The first disruption to our day-to-day work is the necessity for virtualization to have a more rigorous planning process.  Heck, some of my customers don't even have a planning process for server deployment.  Their process is simply, "Got a new application? Get a new server!"

One of the key benefits of virtualization is that it provides cost savings through maximizing your hardware usage.  But, that means you have to know a lot about both the servers' potential and the demands of the applications running on those servers.  You'll need both a good inventory of servers and their hardware, and a good monitoring system to tell how close to the edge the applications are pushing the servers.  When new applications come along, you'll need a decently accurate estimate of the server's workload so you can assign it to a hypervisor with adequate capacity.  Monitoring after deployment is equally important for making sure your estimates were good.

Troubleshooting Gets More Complex

Each added layer of abstraction means more things to decipher when performing troubleshooting. When your monitoring system emails you a CPU alarm (you do have an alarm system in place, right?), is it the hypervisor, the guest virtual machine (VM), or the database that's consuming the CPU?  When an IO alarm goes off, do the VMs have fixed, pass-through disk drives or is that virtual and dynamic too?  Did you or your VM administrator over-allocate VMs onto the hypervisor, perhaps 10 VMs onto a system with only eight CPUs on the bare metal?  What happens when all VMs start making CPU requests?  All of these scenarios, and many more, are possible with VM-based SQL Server, making your life more complex.

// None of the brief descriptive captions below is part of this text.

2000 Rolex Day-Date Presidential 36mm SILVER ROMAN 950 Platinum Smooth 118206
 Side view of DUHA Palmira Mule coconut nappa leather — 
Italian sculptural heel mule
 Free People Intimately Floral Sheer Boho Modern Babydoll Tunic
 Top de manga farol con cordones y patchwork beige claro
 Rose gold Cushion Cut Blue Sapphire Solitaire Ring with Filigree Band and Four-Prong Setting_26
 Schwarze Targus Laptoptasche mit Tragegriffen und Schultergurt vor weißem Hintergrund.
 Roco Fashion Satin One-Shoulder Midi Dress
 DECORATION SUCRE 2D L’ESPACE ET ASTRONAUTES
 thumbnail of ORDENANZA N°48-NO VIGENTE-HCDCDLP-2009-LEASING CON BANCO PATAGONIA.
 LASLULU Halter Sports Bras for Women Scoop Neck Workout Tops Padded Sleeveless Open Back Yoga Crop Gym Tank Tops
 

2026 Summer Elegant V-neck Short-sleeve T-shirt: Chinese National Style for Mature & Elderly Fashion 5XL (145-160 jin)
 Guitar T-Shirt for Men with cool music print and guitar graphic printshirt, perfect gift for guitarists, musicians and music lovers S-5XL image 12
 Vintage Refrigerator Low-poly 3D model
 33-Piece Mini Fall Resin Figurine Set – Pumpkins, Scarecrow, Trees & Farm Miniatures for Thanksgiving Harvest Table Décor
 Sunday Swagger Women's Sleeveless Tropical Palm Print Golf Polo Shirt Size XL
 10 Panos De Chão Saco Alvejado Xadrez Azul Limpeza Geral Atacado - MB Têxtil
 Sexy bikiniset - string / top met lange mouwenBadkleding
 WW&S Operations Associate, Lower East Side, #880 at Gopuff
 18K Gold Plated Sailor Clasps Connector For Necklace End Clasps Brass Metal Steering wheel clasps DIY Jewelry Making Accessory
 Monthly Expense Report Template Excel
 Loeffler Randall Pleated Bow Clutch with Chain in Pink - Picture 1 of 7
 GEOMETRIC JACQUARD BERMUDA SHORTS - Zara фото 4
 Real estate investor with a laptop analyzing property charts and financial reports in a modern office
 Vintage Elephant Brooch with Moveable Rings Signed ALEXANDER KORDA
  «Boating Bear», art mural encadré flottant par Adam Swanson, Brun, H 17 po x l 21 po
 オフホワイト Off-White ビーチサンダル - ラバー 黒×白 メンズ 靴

Ad Hoc Resource Allocation

Something that CIOs love about virtualization, but of which I'm not a fan, is ad hoc resource allocation.  CIOs love the idea that if an application running on a VM needs more CPU, the VM administrator can simply assign more CPU to the VM.  If the VM needs more IO, that can be added too.  Same thing for memory.  Why don't I like this?  In a word  -  sloppiness. 

One fact I always teach in my performance tuning classes is that bad SQL code can always overmatch your hardware, no matter how much hardware you have.  Sure, you can always throw more hardware resources at a problem.  But you'll always exhaust those resources if the underlying application code is sloppy.  And believe me, the world is full of bad SQL code.  The last thing I need, as a DBA, is one more reason for developers to get lazy or sloppy.

New Methods of Backup and Recovery

I'm constantly and unhappily surprised by the number of DBAs who don't know how to put a decent SQL Server backup and recovery system in place.  Don't get me wrong - most DBAs put good backup systems in place, but, only a minority of them currently institutionalize recovery testing as well.  In my opinion, this is essential. 

But that's a bit of an aside because virtualization introduces new opportunities and methods of doing SQL Server backups, as well as new means for high availability (HA).  VMware's vMotion, for example, enables you to seamlessly roll a VM on one physical host to another physical host.  That means that DBAs can now do OS and bare metal patching and upgrades with virtually no downtime.  Great news for DBAs with tough SLAs to support!  You can also easily duplicate VMs.  That means you can rebuild an entire physical environment within a set of VMs or, by extension, one set of production VMs into another set of disposable VMs, say, for QA or development.

In Summary

All of this means that virtualization will require DBAs and other database professionals to get up to speed on virtualization technology features, at a minimum, or perhaps actually learn how to use and administer virtual machines.  Don't we all have ample time for that?!?